Therefore, how to provide a training model and a method for a power equipment fault detection model to achieve better performance of optimization, recognition and classification tasks and improve the accuracy of model detection is a technical problem to be solved urgently by those skilled in the art.

Disclosure of Invention

In view of the defects of the prior art, the invention aims to provide a power equipment fault detection model based on an attention mechanism set GRU, which is reasonable in design, sufficient in data utilization and high in detection accuracy.

In order to achieve the above object, the present invention provides an attention mechanism-based power equipment failure detection model combining GRU, the power equipment failure detection model comprising a classification neural network model whose training data is derived from a preprocessing model, the preprocessing model comprising an up-sampling module, a word embedding representation learning module, a GRU module, an attention mechanism module and a graph attention mechanism module,

the up-sampling module is used for converting input unbalanced power equipment data into balanced data;

the word embedding representation learning module is used for embedding and representing the balance data and outputting an embedded representation based on a historical state sequence represented by the power equipment, a tag data embedding representation and a power equipment portrait characteristic;

the GRU module is used for extracting time and space characteristics of the electric power equipment from a history state sequence which is output by the word embedding representation learning module and is based on the electric power equipment representation;

the attention mechanism module is used for extracting state sequence features from the time and space features of the equipment;

the graph attention mechanism module is used for extracting environment information of the power equipment from the embedded representation of the power equipment portrait characteristics;

and performing alignment fusion on the state sequence features, the label data embedded representation and the environment information to serve as training data input of the classification neural network.

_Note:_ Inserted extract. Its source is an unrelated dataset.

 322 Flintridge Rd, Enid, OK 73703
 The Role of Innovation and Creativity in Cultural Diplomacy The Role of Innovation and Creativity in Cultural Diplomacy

Further, the up-sampling algorithm adopted by the up-sampling module is an SC-SMOTE up-sampling algorithm.

Further, the SC-SMOTE upsampling algorithm specifically includes:

step 21: traversing input power equipment data set data, and determining a majority seed sample and a minority seed sample;

step 22: according to the seed sample information, simultaneously performing upsampling on the majority class and the minority class, and calculating the number of samples generated by each minority type of seed samples;

step 23: after the number of samples generated by each few types of seed samples is obtained, carrying out linear interpolation to obtain a final new sample, and combining the newly generated sample and the original seed sample together to generate a balanced sample data set;

step 24: and carrying out embedded representation on the data in the generated balance sample data set.

Further, the step 21 includes: traversing the power equipment data set data, and determining a neighbor sample set D of the sample x by using a KNN algorithm_nIn neighbor set D_nIn (2), samples of the same class as sample x are set D_sameThe set of samples of the different class from sample x is called D_other(ii) a Comparison D_sameNumber of samples and D_otherAccording to the formula:

and judging whether the sample x is a seed sample, and adding a seed sample label S to the original data set.

Further, the calculation of the number of generated samples in step 22 includes the following formula:

label_diff_j＝Nma_j-N_j

wherein, label _ diff_jRepresenting majority and minority classes C in the original dataset_jThe difference in the number of samples of (1); n is a radical of_jIndicates belonging to class C_jThe number of samples of (a); d_{s_j}Indicates belonging to class C_jThe set of seed samples of (a); rs (Rs)_jRepresenting majority seed samples and class C_jThe proportion of the seed sample of (a); n is a radical of_gjRepresents each of the categories C_jThe number of new samples generated by averaging the seed samples; label _ diff_j/|D_{s_j}I represents class C_jThe number of samples that need to be generated in order to balance the difference in the number of raw data.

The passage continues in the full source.